President Barack Obama today warned North Korea not to go through with its plan to test a long-range missile next month but was clearly uncertain about what to do about it. His frustration was evident in the vagueness of his threat to hold back on 240,000 tons of food aid promised in a deal reached by US and North Korean envoys on Feb. 29.
Obama did not say specifically that the US would refuse to provide the food. Rather, he hinted, it would be “difficult to move forward with that package if they showed themselves unable to meet commitments even a month later.”
The view that launching the rocket would be “a clear violation,” as Mr. Obama put it, of the deal in which North Korea declared a moratorium on long-range missile and nuclear tests dominated his meeting with South Korea’s President Lee Myong-bak on the eve of a two-day nuclear security summit of leaders of more than 50 countries.
The summit is about nuclear terrorism and accidents, not the nuclear programs of either North Korea or Iran, which have cooperated with one another in exchanging components and technology. Nonetheless, worries about North Korea were sure to take up most of the time of the leaders outside the formal conference.
The most significant conversation may be that between Obama and China’s President Hu Jintao.

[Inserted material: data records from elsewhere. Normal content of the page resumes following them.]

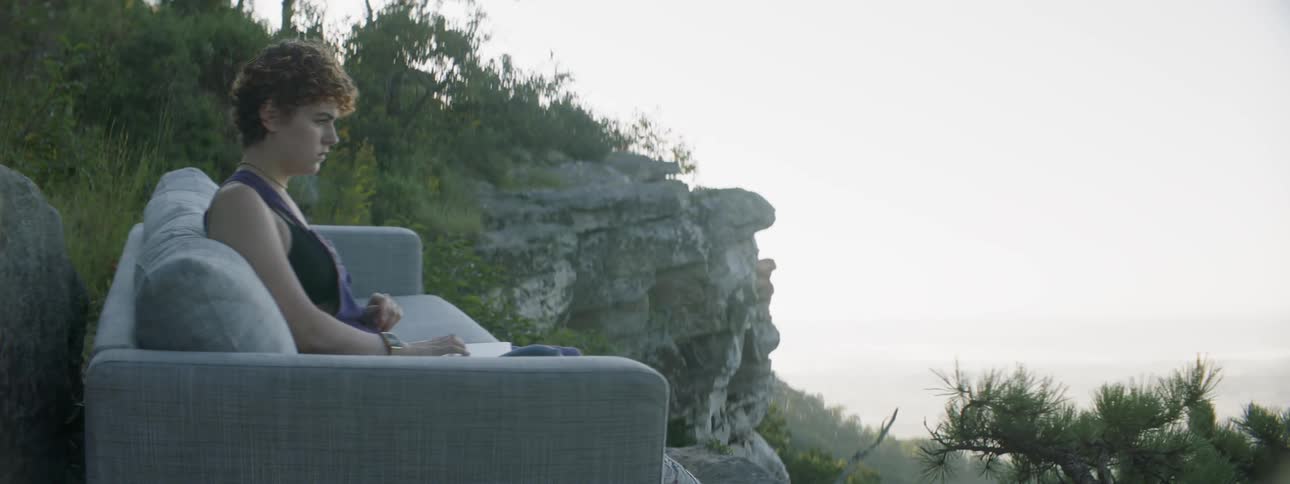 Woman sits on an outdoor sofa and closes her laptop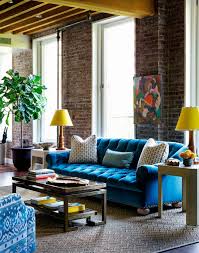 Single teal blue armchair and colorful chevron pattern rug. How To Use Velvet Sofas In Your Living Room Decor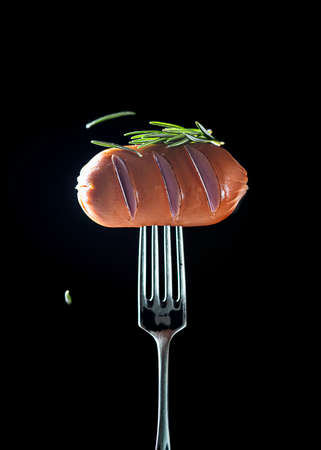Hot juicy meat sausages on a fork on a black background. Tasty food. Copy space.の写真素材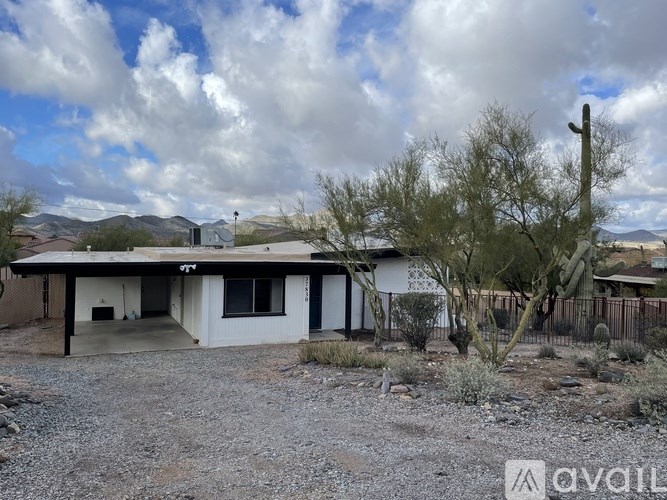 A house with a white exterior and a brown roof is surrounded by a gravel driveway and a few trees.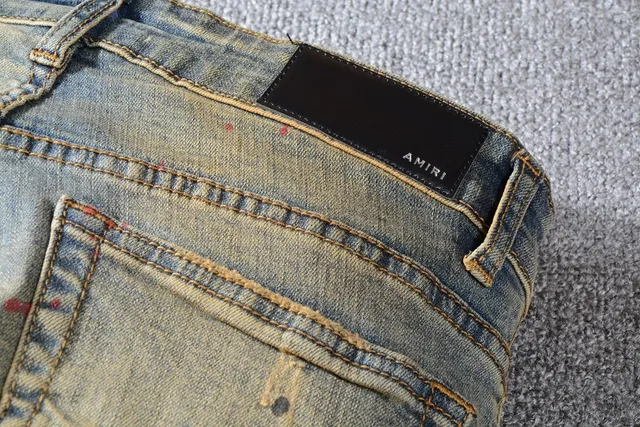 Jean bleu slim-fit distressed avec éclaboussures de peinture 14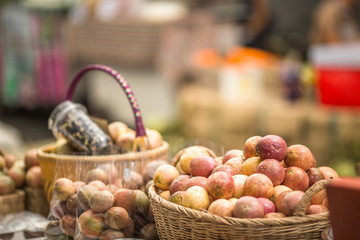 Blurred background view of hanging bags, for sale to customers, handicrafts, often seen in tourist spots, flea markets or shopping areas.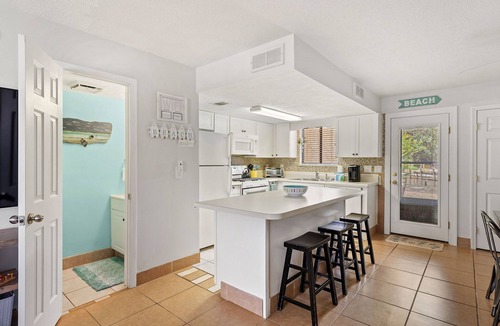 Panama City Beach House | ❃ Walkable to Food & Fun ❃ Beach-Front Pool ❃ Canal-Side Home ❃ No Pet Fee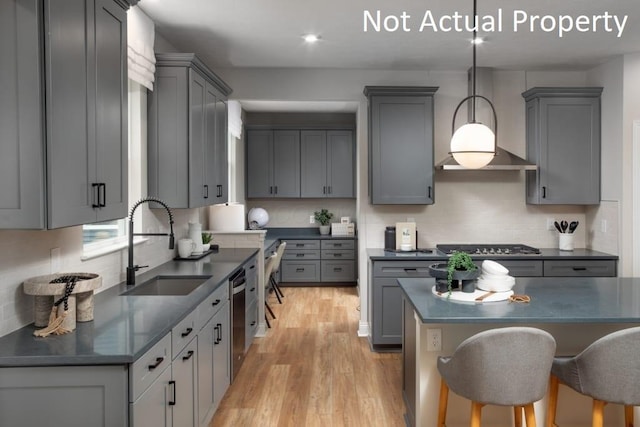 kitchen with decorative light fixtures, tasteful backsplash, sink, gray cabinetry, and stainless steel appliances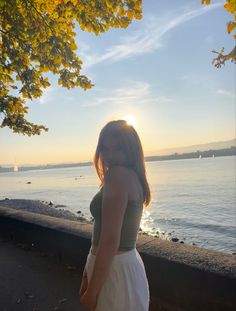 a woman is standing by the water at sunset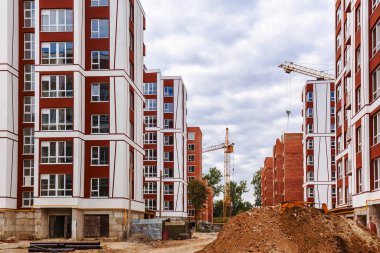 Crane and building cranes in the city. construction site concept.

Obama made clear he would press hard for Mr. Hu to get tough with North Korea about its plans to fire off the rocket around the time of massive celebrations on April 15 of the centennial of the birth of Kim Il-sung, grandfather of North Korea’s young “supreme leader” Kim Jong-un.
“Rewarding bad behavior, turning a blind eye, trying to paper over provocative acts obviously is not working,” said Obama. He believed China did not “want to see North Korea with a nuclear weapon,” but “the question is what the Chinese are doing” to get North Korea to adopt a different approach.
In that spirit, Obama showed his solidarity with President Lee after getting back from a quick visit to the demilitarized zone between the two countries. The visit to the DMZ came as reaffirmation of the US-Korean alliance as well as appreciation of the role of the 28,500 US troops still based in Korea.
After peering through binoculars into North Korea, Obama returned to this capital 40 miles below the North-South line armed with a warning of “the real consequence” if the North fires the rocket. North Korea, he said, “will have missed an opportunity ... to take a different path from the one they’re taking.”
North Korea insists it wants to launch the rocket solely to put a satellite into orbit, but experts here do not accept that claim since North Korea conducted similar tests in August 1998 and April 2009.
The widespread view is that Kim Jong-un, in his late 20s, sees next month’s test as a way to solidify his power. “The new leader has to stabilize his position by showing his capability,” says Kim Keung-koo, a nuclear physicist with the Korea Atomic Energy Research Institute.
Dr. Kim Chang-kyu, a nuclear scientist at the same institute, says North Korea “has the possibility” of firing a nuclear warhead if they can bring it down to a small size but “they are only at the beginning stage.”
Obama’s visit to the demilitarized zone dramatized a confrontation that has persisted since the Korean War ended with an armistice in July 1953.
Clad in a dark windbreaker, Obama looked across the DMZ from Observation Post Ouelette, named for an American soldier killed in the early months of the Korean War in 1950. North Korea, he observed, was “like a time warp, a country that missed 40 to 50 years of progress” and was unable do anything for the “well-being for its people.”
Just south of the DMZ, a 2.5-mile wide strip that stretches across the Korean peninsula, he chatted with US troops sharing duties with South Koreans in and around the truce village of Panmunjom on the North-South line.
“I could not be prouder of what you’re doing,” he told about 50 of them in the mess hall. “You guys are at freedom’s frontier.”
While he was there, reports circulated here that North Korea was already rolling its rocket by train to the launch site.
“The situation remains unsettled,” said Obama, asked what he thought of Kim Jong-un. “It’s not clear who’s calling the shots.” Whoever’s in charge, he surmised, “they have not yet made that strategic pivot where they say what they’re doing is not working.”